He de admitir que siempre me gustó andar por las ciudades en un ejercicio de aprendizaje de distancias, lugares y tiempos. Incluso, de autoconocimiento mientras me perdía por aquí y por allá hasta dar con la ruta exacta que me llevaría a hacer de mi viaje urbano una verdadera experiencia vital. Es sorprendente asistir al fantástico mundo de las transformaciones que sufren las ciudades debido a obras de ingeniería que hacen más habitables sus espacios a los ciudadanos que transitan por ellos.

Algo así me sucedió hace unos días paseando por Madrid Río, el proyecto que enterró el tráfico de la M-30 para convertir la superficie de los túneles en un parque de ensueño y, de paso, revalorizar las viviendas que antes sufrían el azote de la contaminación de los vehículos y que ahora disfrutan de ventanas al silencio y los árboles. No me quiero ni imaginar cuánto habrá cambiado la vida de esos vecinos gracias a esta megaobra de la que ahora miles de madrileños se alegran a pesar de las molestias que conllevó. Cada ciudad tiene sus retos e ilusiones. Al menos así debería de ser para que sus habitantes se sientan mejor en ellas.

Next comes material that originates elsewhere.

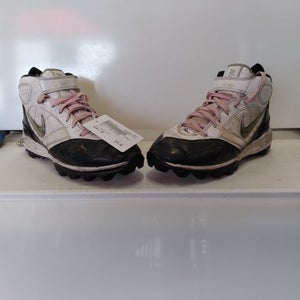 Used Nike Junior 05 Football Shoes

Por eso no es progreso que Cáceres destruya un paraje natural para abrir una mina de litio. El avance de cada lugar se debería medir en virtud de la satisfacción que reportará a quienes lo habitan. Por eso va en contra de toda lógica que los nuevos proyectos no logren esa carga de ilusión necesaria para hacer cambiar nuestro mundo cercano y que provoquen, además, rechazo de salida. Ni siquiera los beneficios en empleo compensan por mucho que se prometa. Por eso, al andar por las ciudades debería hacerse realidad eso que soñamos algún día para que fueran mejores. Solo por las generaciones que vendrán merece la pena lucharlo.